• _YOUR OBJECTIVE_
What is needed is the run of lines from the one with "Intense Dramatic Panoramic" through the close of the data, set down exactly.

Recorded data

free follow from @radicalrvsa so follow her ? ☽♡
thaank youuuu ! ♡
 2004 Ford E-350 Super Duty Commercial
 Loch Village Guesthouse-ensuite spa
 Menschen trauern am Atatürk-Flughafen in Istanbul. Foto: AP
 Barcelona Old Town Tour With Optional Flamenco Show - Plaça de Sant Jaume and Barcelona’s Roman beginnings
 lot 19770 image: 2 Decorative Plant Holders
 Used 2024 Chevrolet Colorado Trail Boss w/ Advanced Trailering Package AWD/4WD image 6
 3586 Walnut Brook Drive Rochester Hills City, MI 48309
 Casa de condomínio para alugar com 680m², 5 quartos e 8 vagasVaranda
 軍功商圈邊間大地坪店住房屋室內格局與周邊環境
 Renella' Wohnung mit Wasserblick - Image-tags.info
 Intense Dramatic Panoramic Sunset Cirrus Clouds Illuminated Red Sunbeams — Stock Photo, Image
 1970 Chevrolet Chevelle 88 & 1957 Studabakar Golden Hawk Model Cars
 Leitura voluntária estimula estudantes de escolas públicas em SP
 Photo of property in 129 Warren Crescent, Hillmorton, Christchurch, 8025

• _WRITTEN RESPONSE_
 Intense Dramatic Panoramic Sunset Cirrus Clouds Illuminated Red Sunbeams — Stock Photo, Image
 1970 Chevrolet Chevelle 88 & 1957 Studabakar Golden Hawk Model Cars
 Leitura voluntária estimula estudantes de escolas públicas em SP
 Photo of property in 129 Warren Crescent, Hillmorton, Christchurch, 8025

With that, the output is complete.